A new clinical trial that assessed nearly 20 years of data on dietary modification found that women who followed a balanced diet low in fat and including daily servings of fruits, vegetables, and grains had a 21% lower risk of death from breast cancer than those who continued their normal diet, which was higher in fat overall.
This study was presented at the 2019 American Society of Clinical Oncology (ASCO) Annual Meeting held in Chicago, Illinois, during a poster discussion session.

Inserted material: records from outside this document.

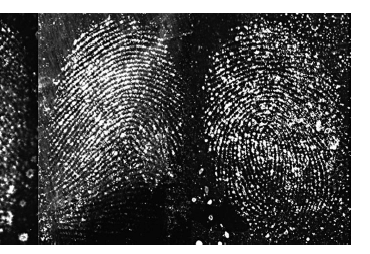 fingerprint enhancement spindler 2011.gif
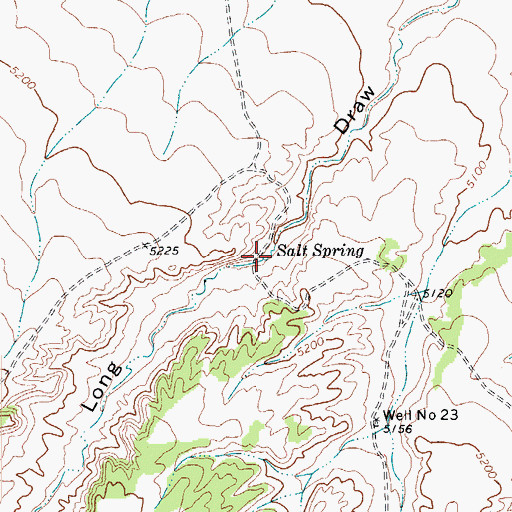 Topographic Map of Salt Spring, CO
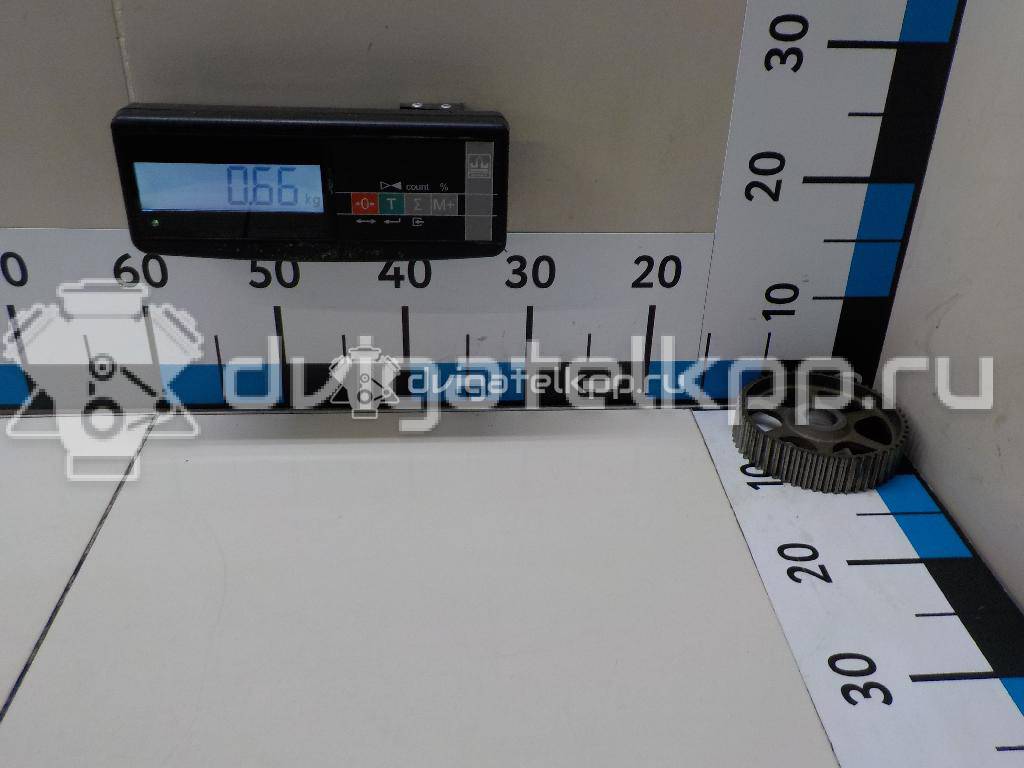Фото Шестерня (шкив) распредвала  078109111B для skoda Superb {forloop.counter}}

Through the federally funded Women’s Health Initiative, the study looked at approximately 49,000 postmenopausal women from ages 50 to 79 with no previous history of breast cancer. From 1993 to 1998, the researchers randomly assigned women to their normal diet, in which fat accounted for 32% or more of their daily calories or a diet with a goal of reducing fat consumption to 20% or less. Women in the balanced, low-fat diet group adhered to the diet for approximately 8.5 years, according to the study abstract.
Most women in the balanced diet reduced daily fat consumption to 25% or less and increased their intake of fruits, vegetables, and grains. On average, there was a 3% weight loss, although losing weight did not affect the risk of death, according to abstract.
So far, the trial has followed participants for a median of 19.6 years, with 3374 cases of breast cancer diagnosed in the group between 1993 and 2013. The findings revealed a 15% lower risk of death from any cause after a breast cancer diagnosis in the balanced, low-fat diet group and a 21% lower risk of death solely from breast cancer in the balanced, low-fat diet group.
Diet and nutrition are crucial to the incidence of obesity, which has dramatically increased over the past several decades. If current trends continue over the next 20 years, it is estimated that obesity will lead to more than 500,000 additional cases of cancer. Five million women in the United States today have poor metabolic function and are have a 3-fold greater risk of mortality from breast cancer than women with normal metabolic function, according to the study.
Overall, the authors concluded that the adoption of a low-fat dietary pattern reduces the risk of death from breast cancer in postmenopausal women.
“It’s a dietary change that we think can be achievable by many because it represents dietary moderation which was achieved by 19,000 participants,” lead study author Rowan Chlebowski, MD, PhD, from the Los Angeles Biomedical Research Institute at Harbor-UCLA Medical Center, said in an ASCO presscast held prior to the meeting.
“To our review, this is the only study providing randomized clinical trial evidence that an intervention can reduce a woman’s risk of dying from breast cancer,” Dr Chlebowski concluded.
For the next phase of research, investigators collected blood samples from the women when they joined the trial and will continue to do so periodically so that they can follow the women’s health based on a variety of blood biomarkers.
Reference
Chlebowski RT, Aragaki AK, Anderson GL, et al. Low-fat dietary pattern and long-term breast cancer incidence and mortality: The Women’s Health Initiative randomized clinical trial. J Clin Oncol 37, 2019 (supply; abstr 520). Presented at: 2019 ASCO Annual Meeting. May 31-June 4, 2019. Chicago, Illinois.